* _Records provided_:

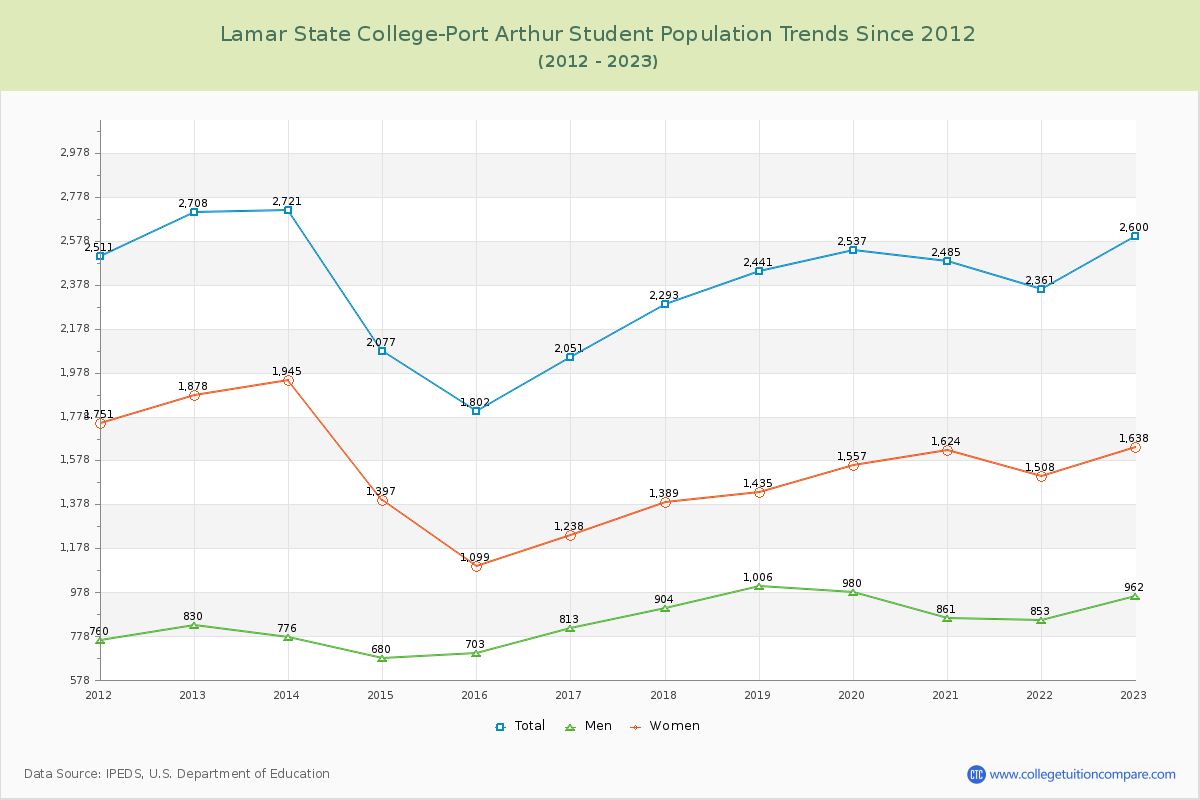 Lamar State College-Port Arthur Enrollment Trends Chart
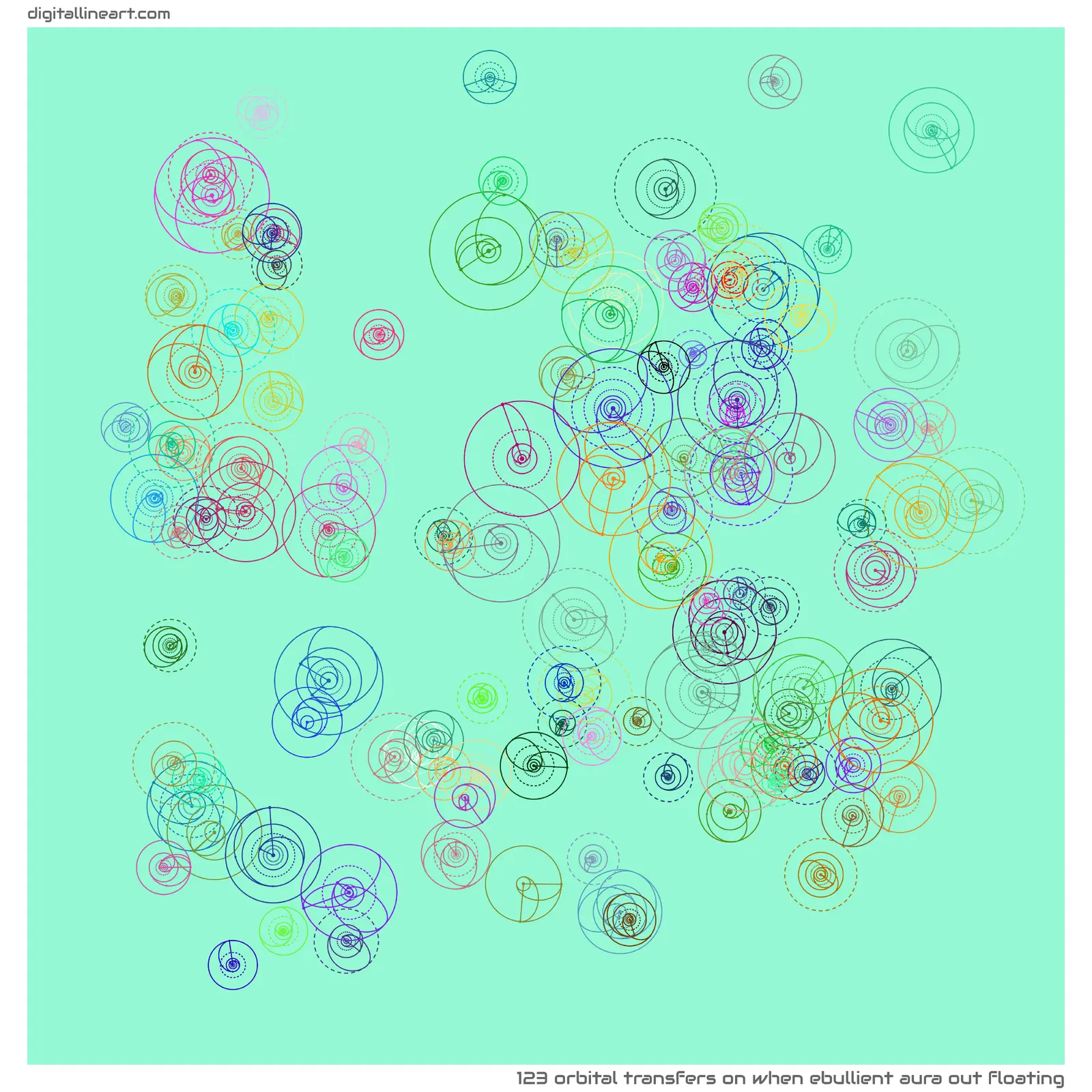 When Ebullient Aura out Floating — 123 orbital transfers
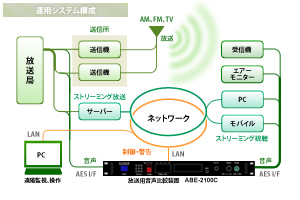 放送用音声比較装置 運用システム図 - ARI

...

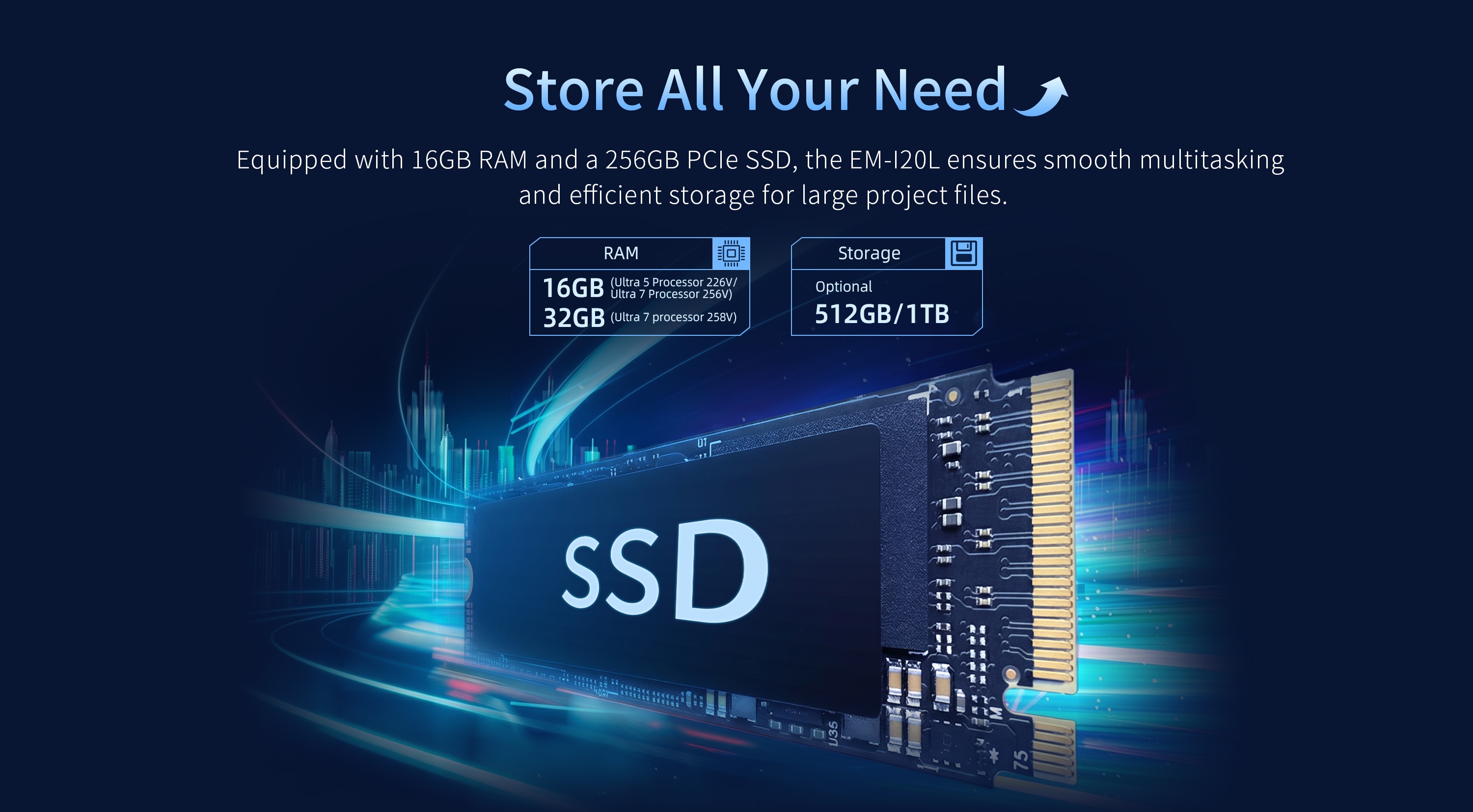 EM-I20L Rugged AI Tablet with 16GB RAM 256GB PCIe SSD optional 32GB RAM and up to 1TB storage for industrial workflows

...

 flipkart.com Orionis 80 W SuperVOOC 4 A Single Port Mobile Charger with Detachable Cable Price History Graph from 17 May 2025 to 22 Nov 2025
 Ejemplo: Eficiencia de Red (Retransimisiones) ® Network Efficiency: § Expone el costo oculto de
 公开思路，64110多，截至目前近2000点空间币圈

* _Assignment_:
Only the lines starting at the one that includes "Lamar State College-Port" and ending at the one that includes "放送用音声比較装置 運用システム図 - ARI" should be retyped, exactly, from the records above; no pictures.

* _Answer to the problem_:
 Lamar State College-Port Arthur Enrollment Trends Chart
 When Ebullient Aura out Floating — 123 orbital transfers
 放送用音声比較装置 運用システム図 - ARI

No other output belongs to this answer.